If you have received a letter alleging trademark infringement, it is important to look closely at the rights being asserted. Some trademarks even though registered are unenforceable trademarks.

Did you know it is possible to have a federally registered trademark in the U.S. and still not have a legitimate basis to assert trademark infringement?

Although a US company or person seeking to register a trademark with the U.S. Patent and Trademark Office needs to establish use of the trademark in U.S. commerce in order to register it, a foreign company or person that owns a trademark registration in their home country is able to register its trademark in the U.S. based solely on a foreign trademark registration, sometimes referred to as “home registration basis.”  This can result in a foreign company or person — perhaps reasonably — believing it can enforce its U.S. trademark registration against other trademarks in use in the U.S. without first establishing use of its own trademark in the U.S. 

However, it is important to keep in mind the test for trademark infringement, which is whether there is a likelihood of confusion in the minds of consumers.  Without actual use of both trademarks in the U.S., the foreign company or person is not likely to succeed with its claim that consumers are likely to be confused and therefore its infringement claim is likely to fail.
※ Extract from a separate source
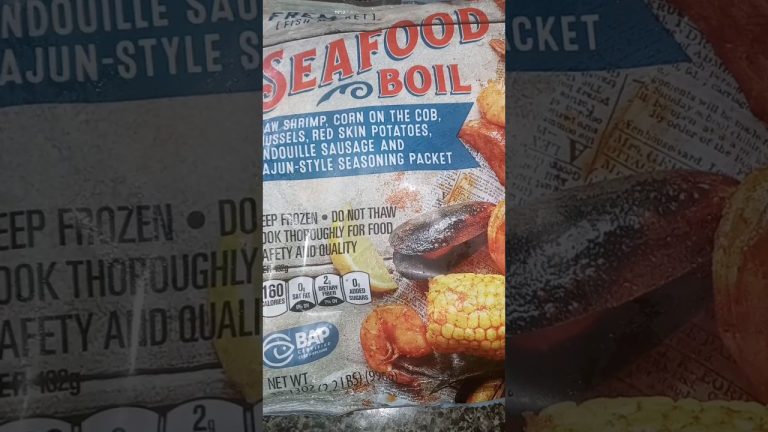 Trying Aldi Seafood Boil💃#seafoodboil#trending#short#short#youtube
This is why I call them unenforceable trademarks.

The easiest way to verify whether the trademark registration being asserted against you is based solely on a foreign registration or “home registration basis” is to look up the registration at the U.S. Patent and Trademark Office website using the Trademark Electronic Search System (TESS) available at http://www.uspto.gov/trademark.  If the current basis information only lists “44E” in the TESS listing for the registration, or more importantly, the only basis listed under the relevant class(es) of goods or services is “44(e)” on the associated Trademark Status & Documentation Retrieval (TSDR) page, then the next question you should ask is whether the registrant is actually using the trademark in the U.S.  If not, or it is not clear, there may be grounds to challenge the allegation of infringement.  An experienced trademark attorney can assist in determining the best strategy to address any allegation of infringement based on the particular situation.